Free Support Forum - aspose.com

Replace junk data while placing table in word document using aspose.words

Actually iam placing a table in word document usign aspose.words and while retrieving word document content using doc.range.text iam getting some unwanted data as shown below..how to replace tht unwanted data .....for example i gave table screen shot attchment which i gave in word document..while rettrieving iam getting in this below way..how to replace

by using doc.range.text iam getting in this way

Testaaaaaaaaaatestsampleaa

while iam trying in innerxml iam getting in this way

Testtestsample

Hello

Thanks for your request. I this case you can try using PreserveTableLayout option of TxtSaveOptions Class. This option specifies whether the program should attempt to preserve layout of tables when saving in the plain text format.

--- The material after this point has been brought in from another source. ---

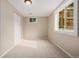Carpeted bedroom with natural light from the window and a closet for storage at 8231 E Lehigh Dr, Denver, CO 80237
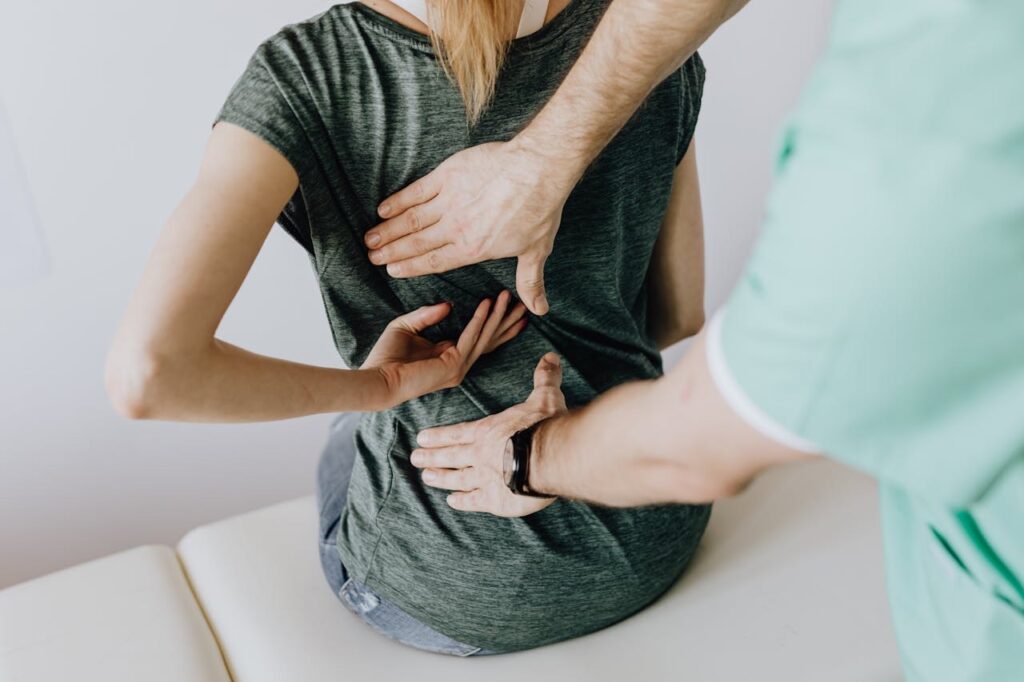 Doctor inspecting a woman's back that is paining while on table // Healthier Veterans Today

http://www.aspose.com/documentation/.net-components/aspose.words-for-.net/aspose.words.saving.txtsaveoptions.preservetablelayout.html

Also I think the information provided here will be useful for you:

http://www.aspose.com/documentation/.net-components/aspose.words-for-.net/howto-extract-text-only.html

Best regards,

i tried in this method is it the right way to use?getting only content without any junk ,special characters,codes.......

Document dstDoc = new Document(@"C:\Textclean1.docx");//Paper size of this document is A4

string value = dstDoc.ToTxt();

value = value.Replace("\r", "").Replace("\n", "");

Hello

Thanks for your request.

The ways to retrieve text from the document are:

· Use Document.Save with SaveFormat.Text to save as plain text into a file or stream.

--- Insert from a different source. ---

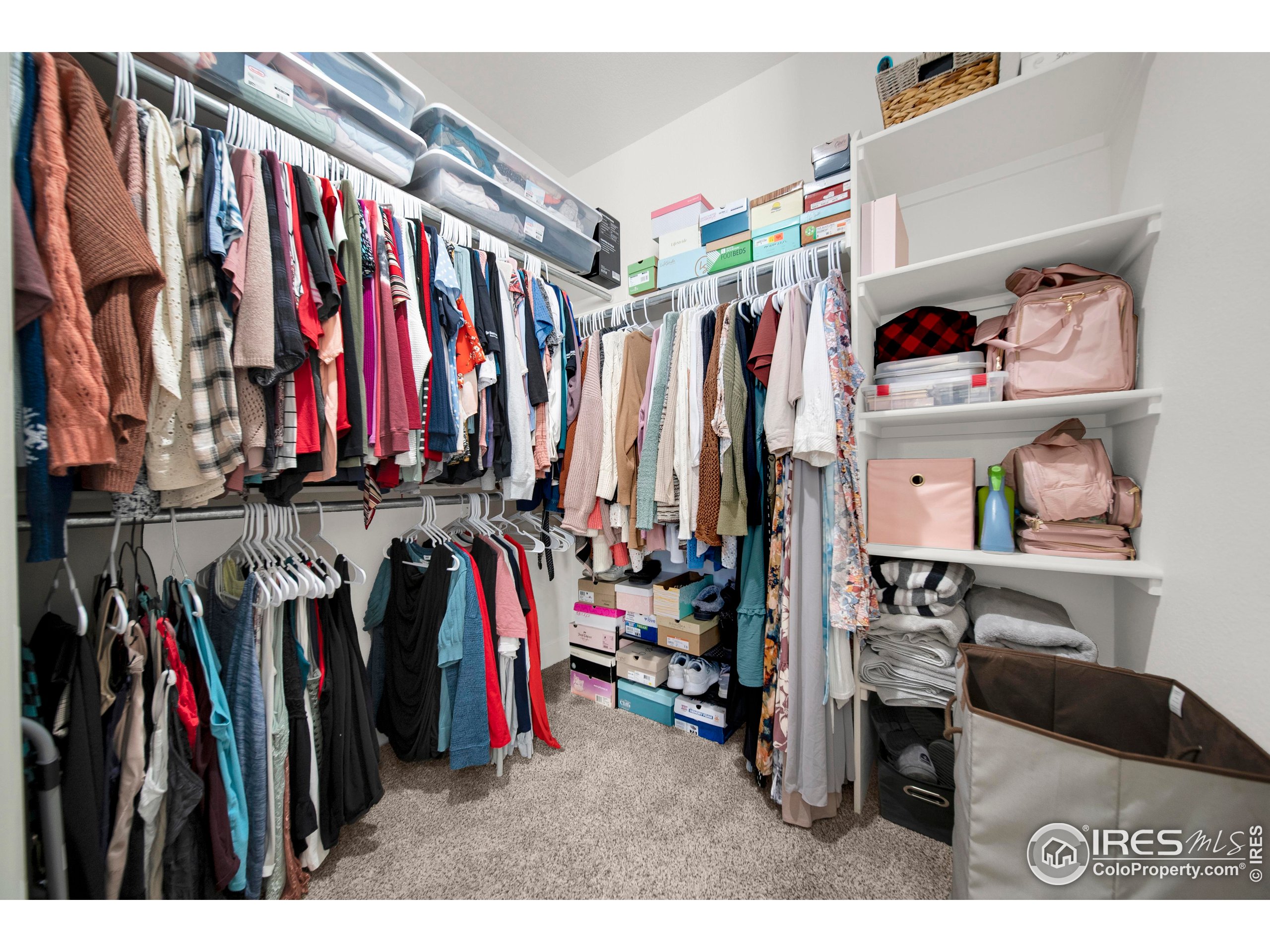 116 7th Avenue Wiggins, CO 80654 - Photo 25 of 42 a view of walk in closet with clothes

· Use Node.ToTxt. Internally, this invokes save as text into a memory stream and returns the resulting string.

· Use Node.GetText to retrieve text with all Microsoft Word control characters including field codes.

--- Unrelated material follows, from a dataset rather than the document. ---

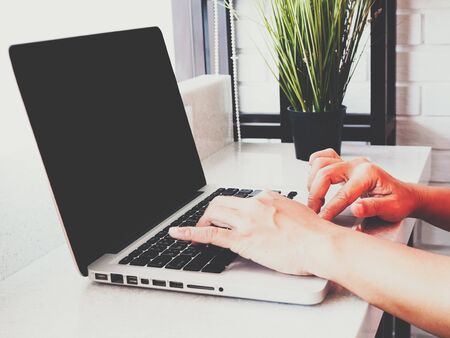 working people use laptop computer to work on white desk, investment workspace or work from home.の写真素材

· Implement a custom DocumentVisitor to perform customized extraction.

Please see the following link to learn more:

http://www.aspose.com/documentation/.net-components/aspose.words-for-.net/howto-extract-text-only.html

You can try using the folliwng code:

Document doc = new Document("C:\\Temp\\in.docx");

Console.WriteLine(doc.GetText());

Or Save to TXT using PreserveTableLayout option:

TxtSaveOptions options = new TxtSaveOptions();

options.PreserveTableLayout = true;

Document doc = new Document("C:\\Temp\\in.docx");

doc.Save("C:\\Temp\\out.txt", options);

Best regards,

when iam trying to place some characters in one column in table like this

Gfhg.,*&$#1254@!)({}[]":;,./?^%_+~`

by using doc.Totxt() it is reading all the characters as in same way......it is not replacing... actually by using totxt it read only content no special charatcters ..y like tht

when iam trying to place some characters in one column in table like this

Gfhg.,*&$#1254@!)({}[]":;,./?^%_+~`

by using doc.TOtxt () it is reading all the characters as in same way......it is not replacing

Hello

Thanks for your request. Unfortunately, it is not quite clear for me what your problem is. Could you please describe your issue more specifically and provide sample input and expected output documents here for testing? I will check the issue on my side and provide you more information.

Best regards,